Green-lighting teen sex
Colorado sex education bill downplays abstinence but promotes abortion and LGBT experimentation
A bill working its way through the Colorado legislature would make it illegal for schools to teach sexual education programs that encourage abstinence and instead mandate programs that include information on LGBT relationships and sex. Despite pushback from parents and pro-family groups who argue the law threatens local control and parental rights, the measure is expected to pass this session.
The law would require school districts to adhere to set sex education standards or not teach any sex ed at all. The standards prohibit “shame-based or stigmatizing language,” “religious ideology or sectarian doctrine,” and “gender norms and stereotypes.” They also require an introduction to all Food and Drug Administration–approved forms of contraception and ban schools from endorsing sexual abstinence as the primary or sole acceptable option for teens. Regarding teen pregnancy, the standards say parenting, abortion, and adoption must be presented as choices in an “objective, unbiased manner and must not endorse or favor one or more pregnancy outcome options.”
The law would build on a measure passed by the state legislature in 2013 that said every Colorado student has a right to “comprehensive sexuality education.” The bill’s sponsors argue the new law is needed because schools have sidestepped the 2013 measure and continued to promote abstinence and exclude information on the sexual experiences of LGBT students.
But critics of the new law claim it pushes a sexual ideology, exposes kids to information about risky sexual behavior, and deprives school districts of local control.
Debbie Chaves, executive director of Colorado Family Action, told me that testimony in favor of the bill during legislative hearings pigeonholed anyone who endorsed abstinence as a member of an oppressive religion. And yet, she argued, the bill takes a moral stand by promoting homosexuality and abortion as acceptable choices. “It just doesn’t add up when you say, ‘You can’t have a moral stand here, but you must take a moral stand here,’” Chaves said.
The bill is awaiting a hearing by the Senate Appropriations Committee.
The Colorado measure is just one part of a push to normalize teen sex despite a growing body of social science that shows sexual delay leads to the best long-term health in teens, said Mary Anne Mosack, the president of Ascend, an advocacy organization that encourages Sexual Risk Avoidance education—an approach that the proposed Colorado law would ban. California is also in the process of liberalizing its health education framework, and Washington state will likely pass a comprehensive sex education law this year.

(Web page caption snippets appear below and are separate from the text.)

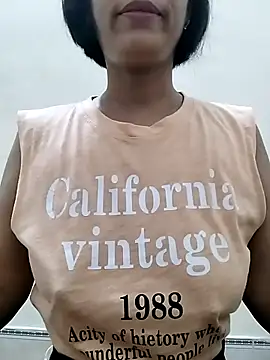 love sexy090 online show from August 1, 2026, 2:42 am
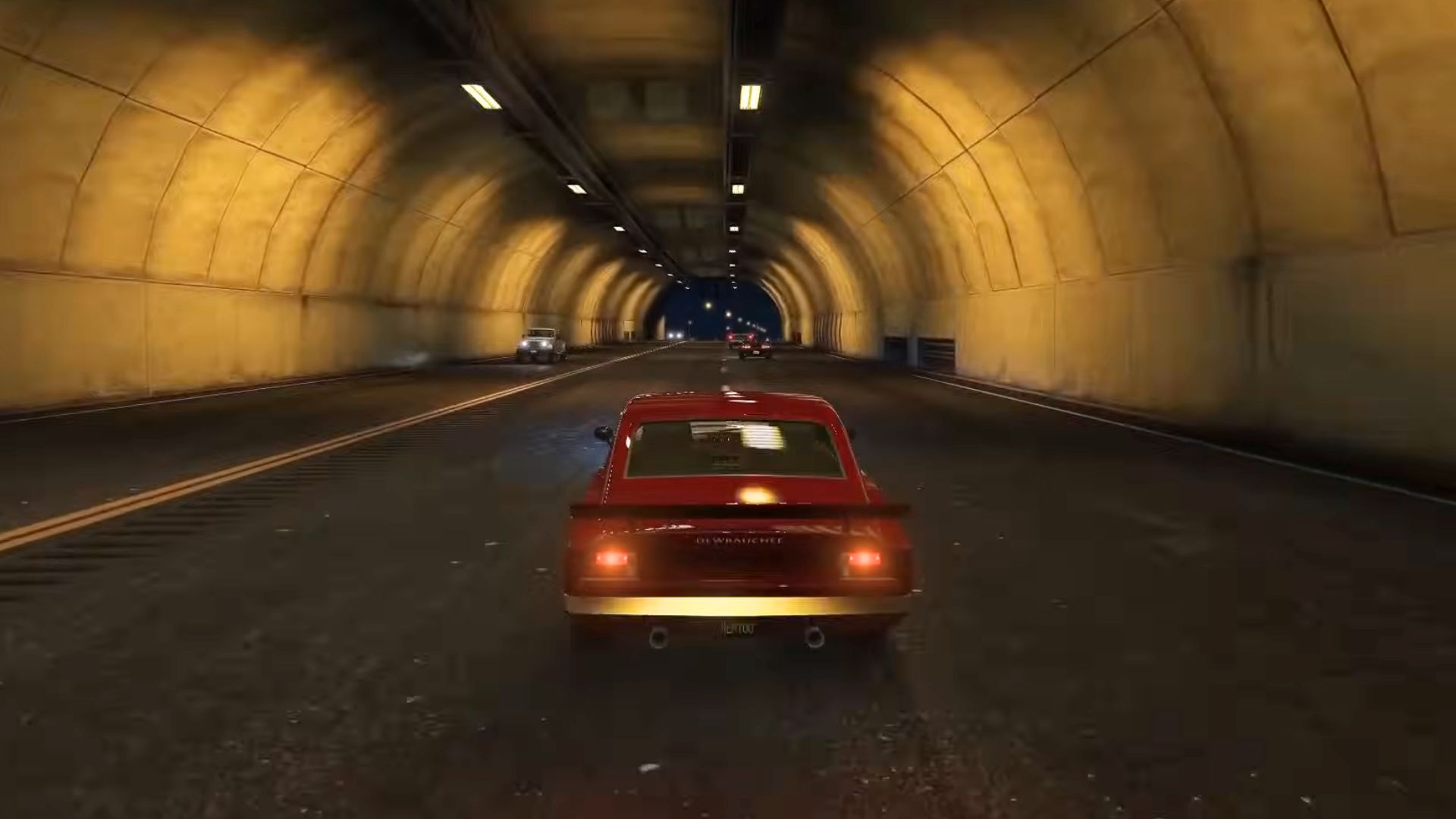 18. Radio Ga Ga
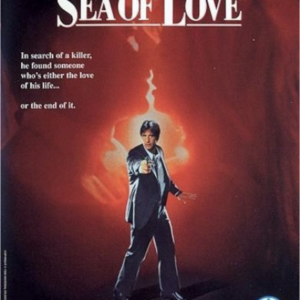 Sea of love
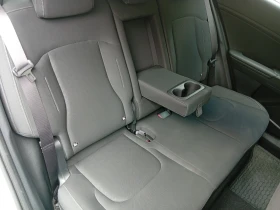 Kia Sportage, снимка 8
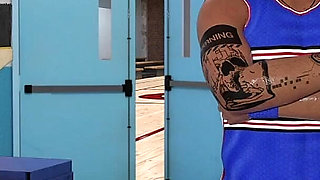 Fetish Locator - I Came Hard After Thinking About Lydia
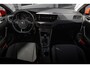 Volkswagen Polo 1.0 TSI Comfortline
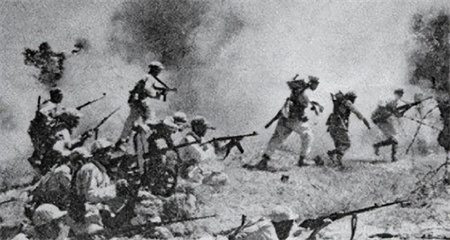 1733821914734566.jpg 微信图片_20241210170931.jpg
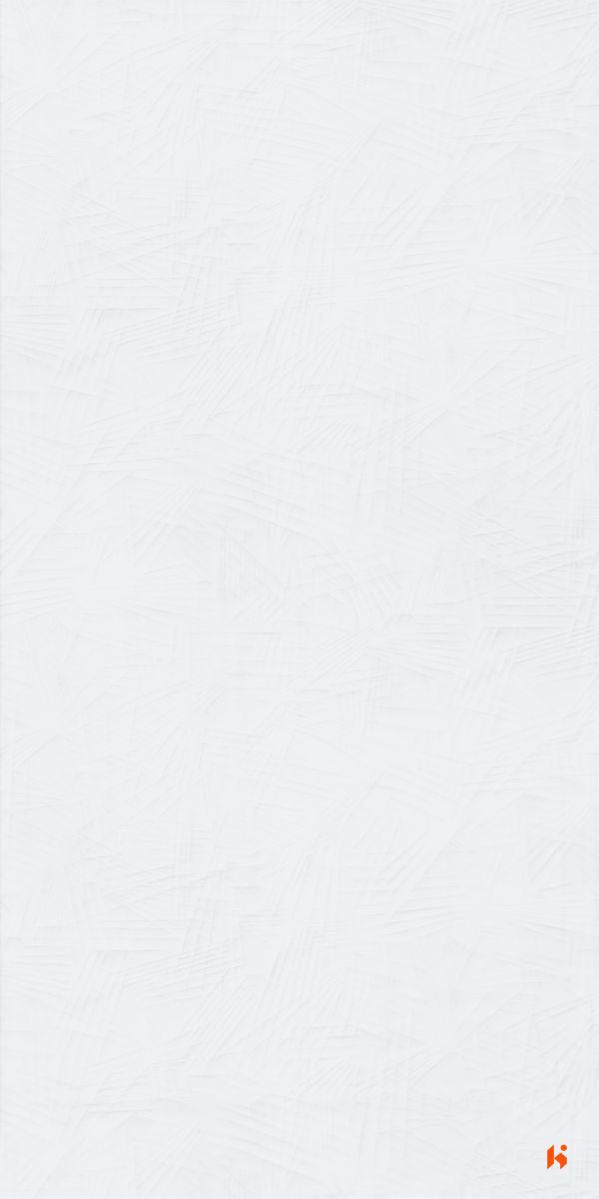 Merino Laminate - 44796 - Dawn Jagged - 1mm 8ft x 4ft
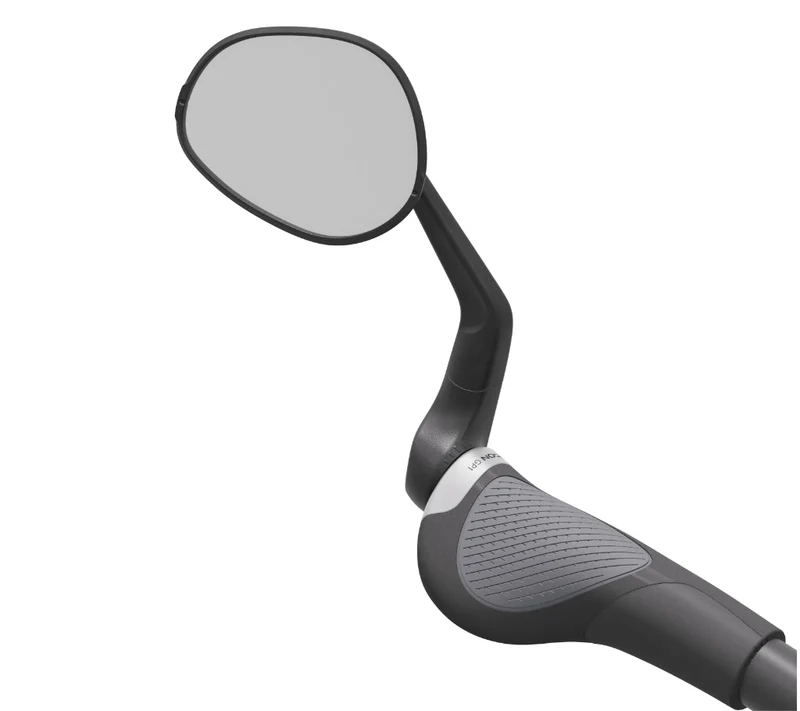 Ergon Spiegel RM Touring - RM (Rear View Mirror)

The organizations backing the bills, including Planned Parenthood, describe themselves as “sex positive” and encourage teen sexual experimentation as a healthy part of growing up. Ascend instead encourages schools to use programs that affirm what social science has found: Avoiding sex as a teen leads to better life outcomes, and the best place for sex is within the context of marriage.
“People say sex is a natural part of human development and being human, well so is eating, and it’s pleasurable and it’s wonderful,” said Mosack. “But what does [the government] do? It gives us a food pyramid so that we have boundaries, we have guidelines that help us to achieve optimal health in our nutrition. … It’s possible to give information and give all the information without giving a green light to sexual activity.”
Trans troops, a ‘reckless gamble’
Five transgender U.S. service members testified before Congress last week, arguing that their transgender identity does not get in the way of their service to the U.S. military.
Rep. Jackie Speier, D-Calif., who recently introduced a bipartisan bill in the House that would force the military to accept transgender troops, called a Defense Department proposal “discriminatory, unconstitutional, and self-defeating.” Under the proposed policy, announced in March 2018 by then–Defense Secretary James Mattis but currently blocked by lawsuits, transgender troops would be allowed to join the military if they serve as their biological sex and have not been diagnosed with gender dysphoria. Transgender troops already enlisted could continue to serve.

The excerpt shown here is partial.